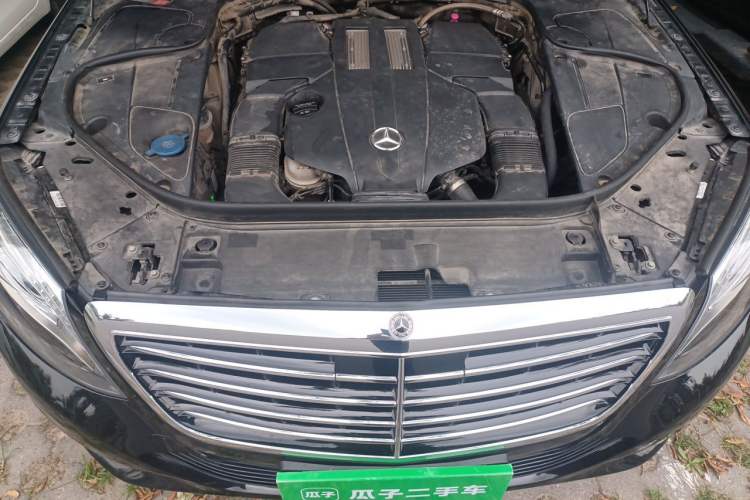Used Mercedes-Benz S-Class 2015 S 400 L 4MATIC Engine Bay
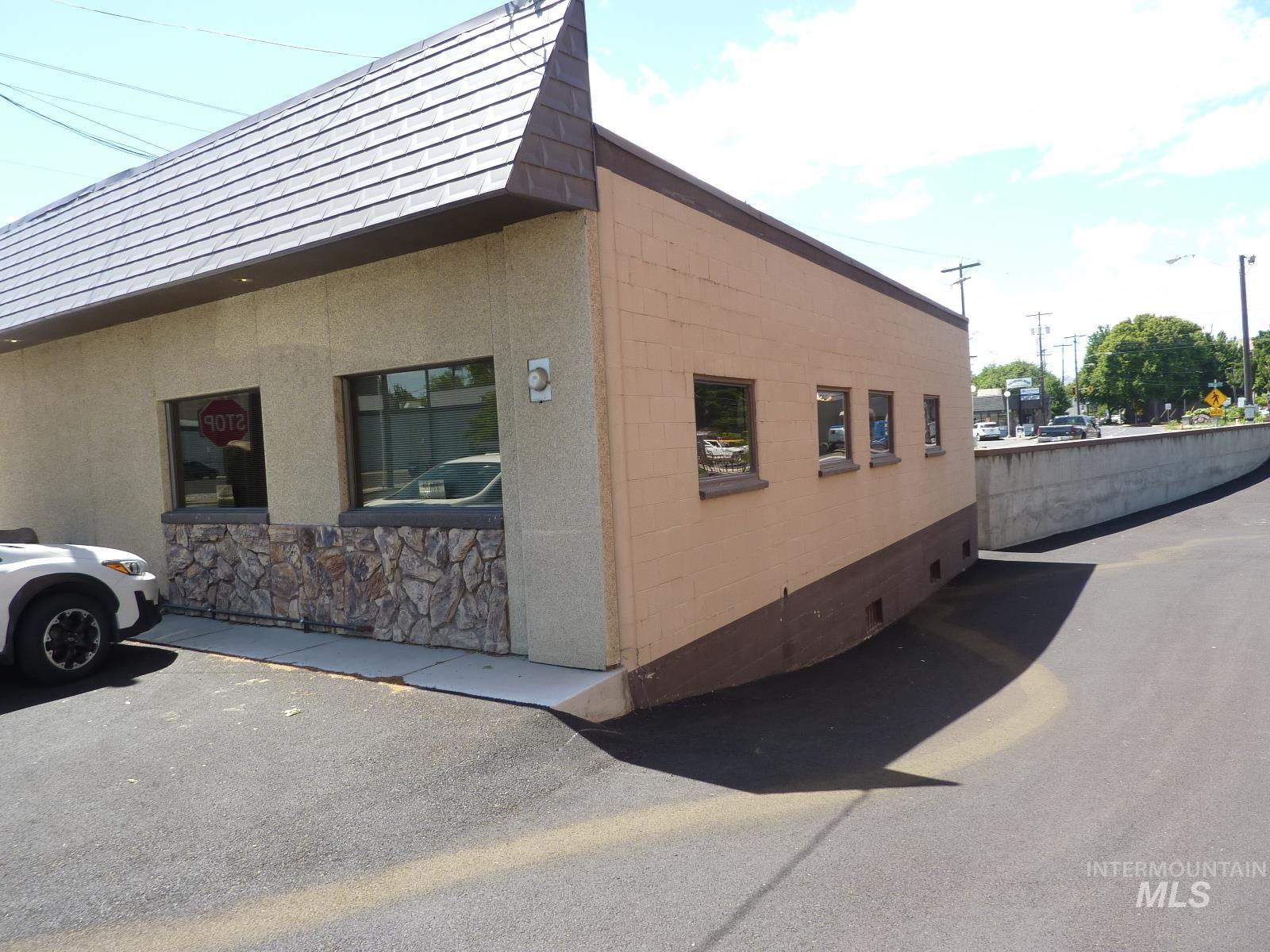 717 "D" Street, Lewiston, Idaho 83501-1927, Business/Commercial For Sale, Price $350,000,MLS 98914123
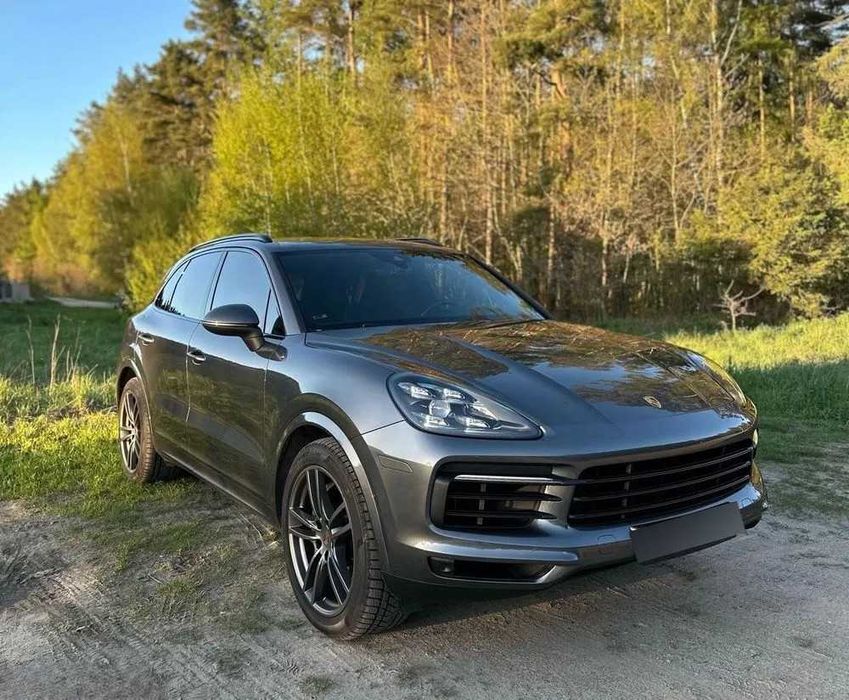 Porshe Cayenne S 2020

* _Work order_: Through to the final line, copy the material above exactly and skip the images.

* _Result of this task_:
Used Mercedes-Benz S-Class 2015 S 400 L 4MATIC Engine Bay
 717 "D" Street, Lewiston, Idaho 83501-1927, Business/Commercial For Sale, Price $350,000,MLS 98914123
 Porshe Cayenne S 2020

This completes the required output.